E posteriormente, com o Decreto nº 8.109, de 17 de setembro de 2013, novas

mudanças institucionais foram realizadas para adequar a atuação da Controladoria aos novos

desafios que surgiram longo dos anos, e a SPCI passa a ser chamada de Secretaria de

Transparência e Prevenção da Corrupção (STPC), que dispondo de uma estrutura compatível

com a dimensão e relevância de suas competências, em especial, com as leis de Acesso à

Informação, de Conflito de Interesses e Anticorrupção. Assim, a CGU passou a ter a

competência de antecipar-se aos casos de corrupção, e assim, desenvolver meios para prevenir

a sua ocorrência. Desta forma, o agrupamento das principais funções exercidas pela CGU –

controle, correição, prevenção da corrupção e ouvidoria – foi efetivado, consolidando-as em

uma única estrutura funcional.

No âmbito de Auditoria e Fiscalização, o principal programa é o de Fiscalização de

Recursos Federais a partir de Sorteios Públicos.
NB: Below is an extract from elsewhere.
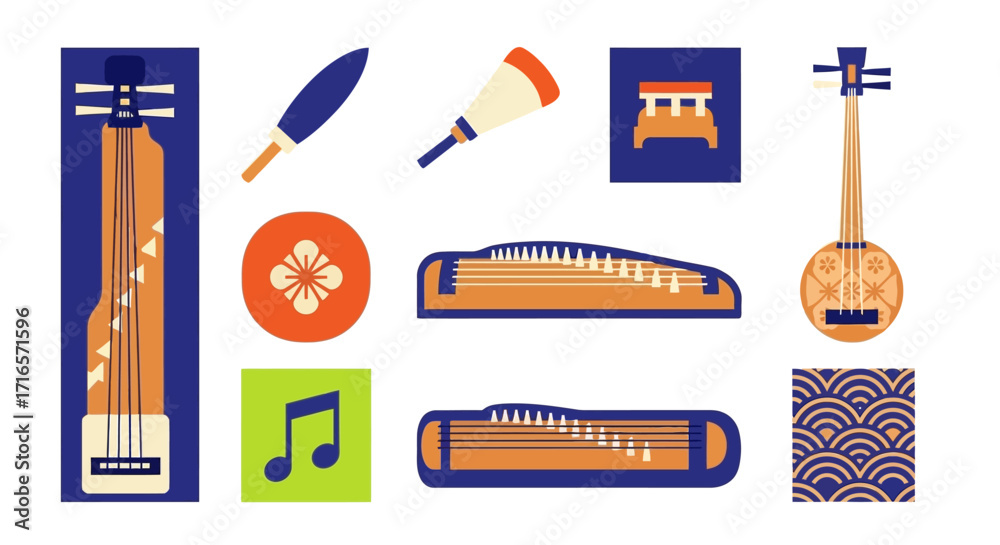 Set of Japanese Koto, Shamisen, and Cultural Elements in a Flat Vector Style.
O Programa é uma iniciativa do governo

federal, que visa inibir a corrupção entre gestores de qualquer esfera da administração pública.

Foi criado em 2003, através da Portaria nº 247 de 20 de Junho de 2003. O objetivo era realizar

fiscalizações dos recursos públicos federais aplicados e transferidos, para órgãos das

administrações dos Estados ou dos municípios, e quaisquer outros órgãos ou entidades

legalmente habilitados a receber esses repasses.

O Programa de Fiscalização foi criado como um mecanismo de limitar

comportamentos oportunistas dos gestores na alocação dos recursos, repassados pela União,

vinculados a objetivos específicos. Os municípios são fiscalizados por seleção aleatória,

através de sorteios realizados pela Caixa Econômica Federal.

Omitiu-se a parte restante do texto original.